/multiclass-classification-tensorflow

This project demonstrates the process of building and optimizing a neural network model to classify images from the Fashion MNIST dataset using TensorFlow and Keras.

Primary LanguageJupyter Notebook

Fashion MNIST Classification with TensorFlow

This project demonstrates the process of building and optimizing a neural network model to classify images from the Fashion MNIST dataset using TensorFlow and Keras.

Table of Contents

  1. Introduction
  2. Dataset
  3. Model Architecture
  4. Data Preprocessing
  5. Model Training
  6. Learning Rate Optimization
  7. Model Evaluation
  8. Results
  9. Visualizations
  10. Future Work
  11. Dependencies

Introduction

This project aims to classify clothing items from the Fashion MNIST dataset using various neural network architectures and optimization techniques. We explore the impact of data normalization, model complexity, and learning rate scheduling on model performance.

Dataset

We use the Fashion MNIST dataset, which consists of 70,000 grayscale images of 10 categories of clothing items.
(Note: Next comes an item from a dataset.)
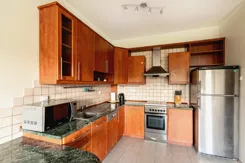 REMAX-170-MW-CITY - zdjęcie nr 2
The dataset is split into 60,000 training images and 10,000 test images.

Categories:

  1. T-shirt/top
  2. Trouser
  3. Pullover
  4. Dress
  5. Coat
  6. Sandal
  7. Shirt
  8. Sneaker
  9. Bag
  10. Ankle boot

Model Architecture

We experiment with multiple model architectures:

  1. Basic model (Model 1):

    • Flatten layer
    • Dense layer (4 units, ReLU activation)
    • Dense layer (4 units, ReLU activation)
    • Output layer (10 units, softmax activation)
  2. Deeper model (Model 2, 3, 4):

    • Flatten layer
    • Dense layer (4 units, ReLU activation)
    • Dense layer (4 units, ReLU activation)
    • Dense layer (4 units, ReLU activation)
    • Output layer (10 units, softmax activation)

Data Preprocessing

We normalize the pixel values of the images by dividing them by 255, scaling them to the range [0, 1].

Model Training

We train the models using the following configuration:

  • Loss function: Sparse Categorical Crossentropy
  • Optimizer: Adam
  • Metrics: Accuracy
  • Epochs: 10-40 (varying by experiment)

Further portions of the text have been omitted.